--- Data section ---
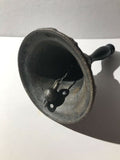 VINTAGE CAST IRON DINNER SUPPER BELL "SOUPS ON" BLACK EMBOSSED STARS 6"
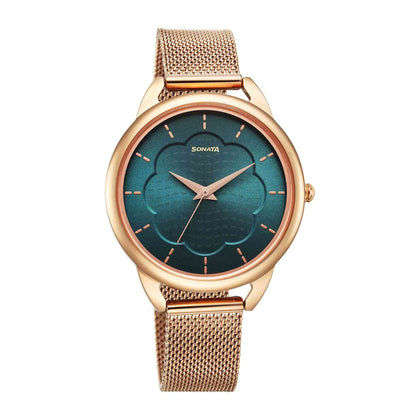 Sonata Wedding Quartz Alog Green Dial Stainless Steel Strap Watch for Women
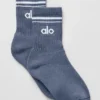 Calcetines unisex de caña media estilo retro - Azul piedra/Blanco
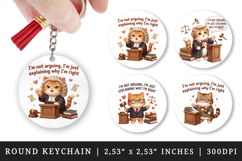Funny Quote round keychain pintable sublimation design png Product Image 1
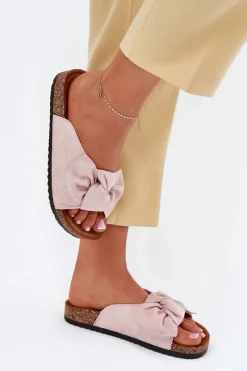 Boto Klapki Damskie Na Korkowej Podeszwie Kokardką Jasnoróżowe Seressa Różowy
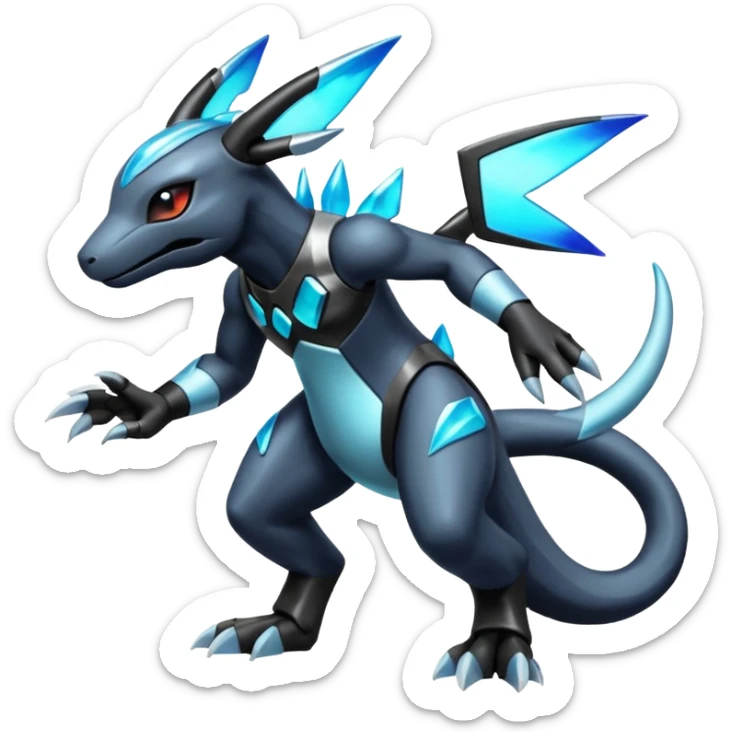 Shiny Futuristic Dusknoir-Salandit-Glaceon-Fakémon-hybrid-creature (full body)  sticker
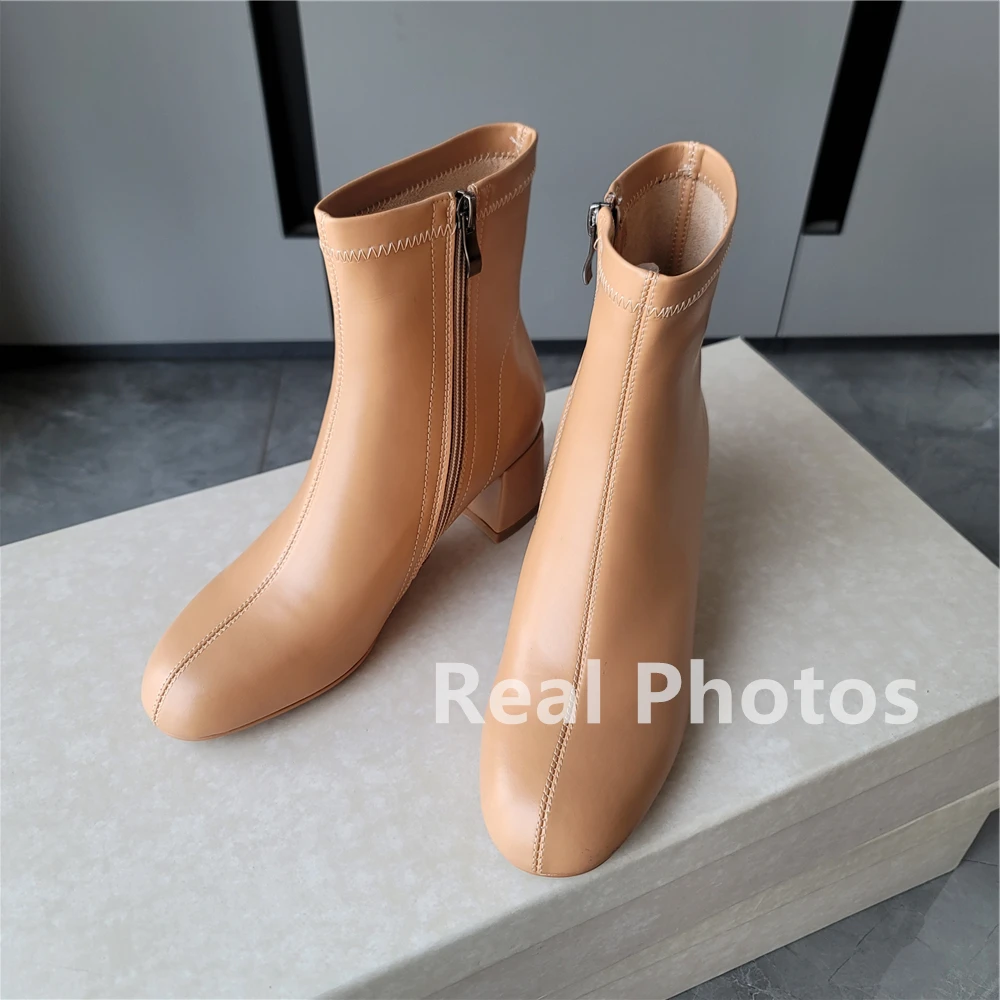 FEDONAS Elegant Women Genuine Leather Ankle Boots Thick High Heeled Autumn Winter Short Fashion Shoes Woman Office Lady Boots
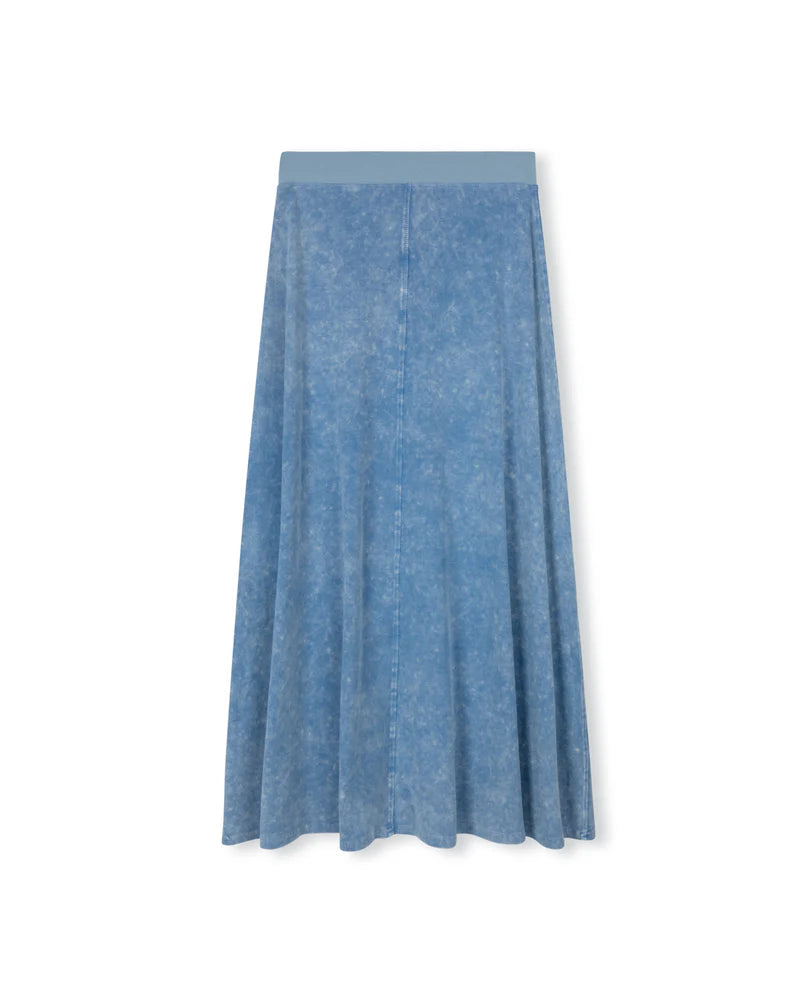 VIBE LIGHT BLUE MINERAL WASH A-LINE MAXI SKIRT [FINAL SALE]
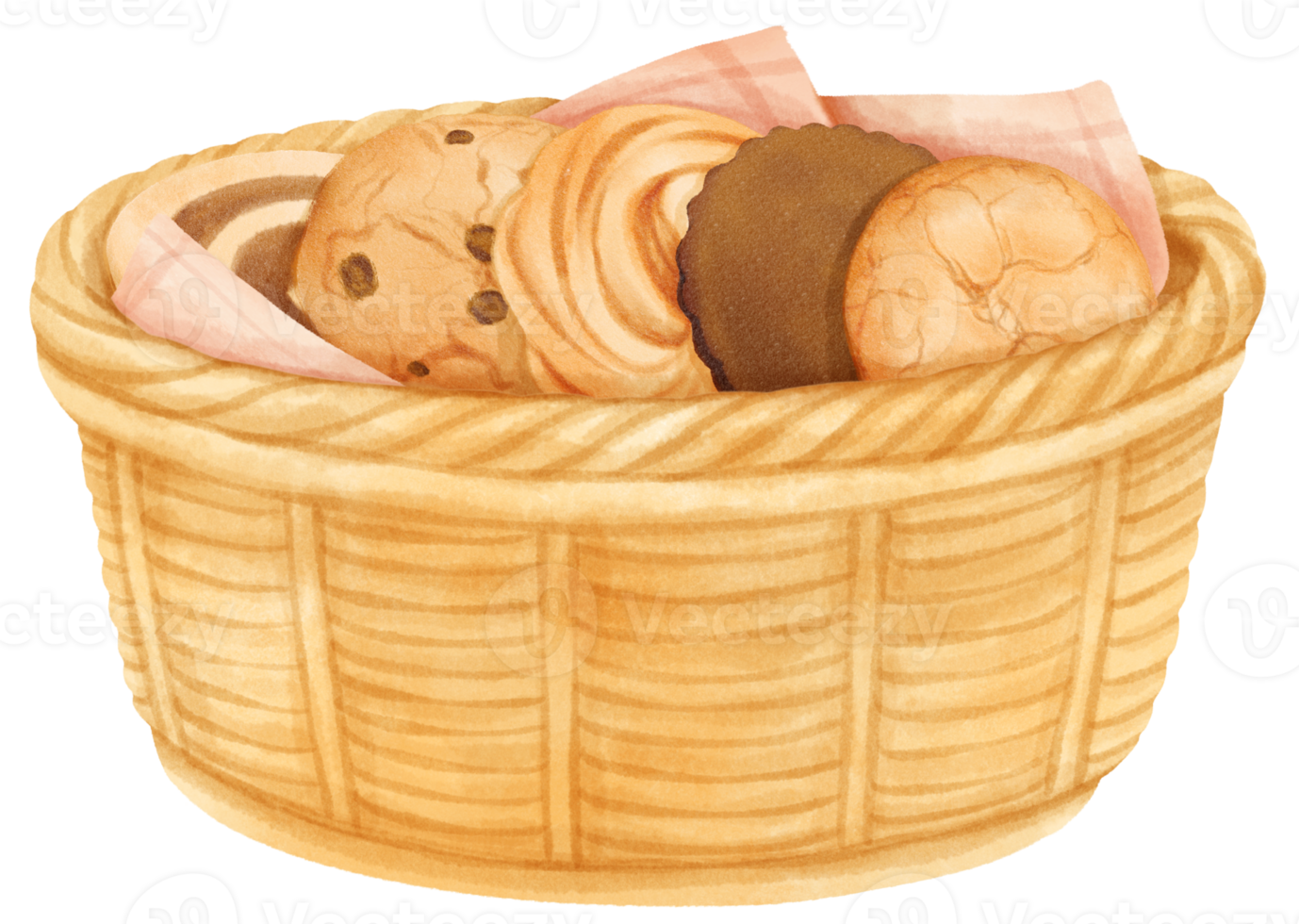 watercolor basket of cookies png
---
§ Task directions:
Starting at the line that contains "Boto Klapki Damskie", please write out every line to the end of the entries, inclusive, copied exactly and with pictures omitted.

§ Reply:
 Boto Klapki Damskie Na Korkowej Podeszwie Kokardką Jasnoróżowe Seressa Różowy
 Shiny Futuristic Dusknoir-Salandit-Glaceon-Fakémon-hybrid-creature (full body)  sticker
 FEDONAS Elegant Women Genuine Leather Ankle Boots Thick High Heeled Autumn Winter Short Fashion Shoes Woman Office Lady Boots
 VIBE LIGHT BLUE MINERAL WASH A-LINE MAXI SKIRT [FINAL SALE]
 watercolor basket of cookies png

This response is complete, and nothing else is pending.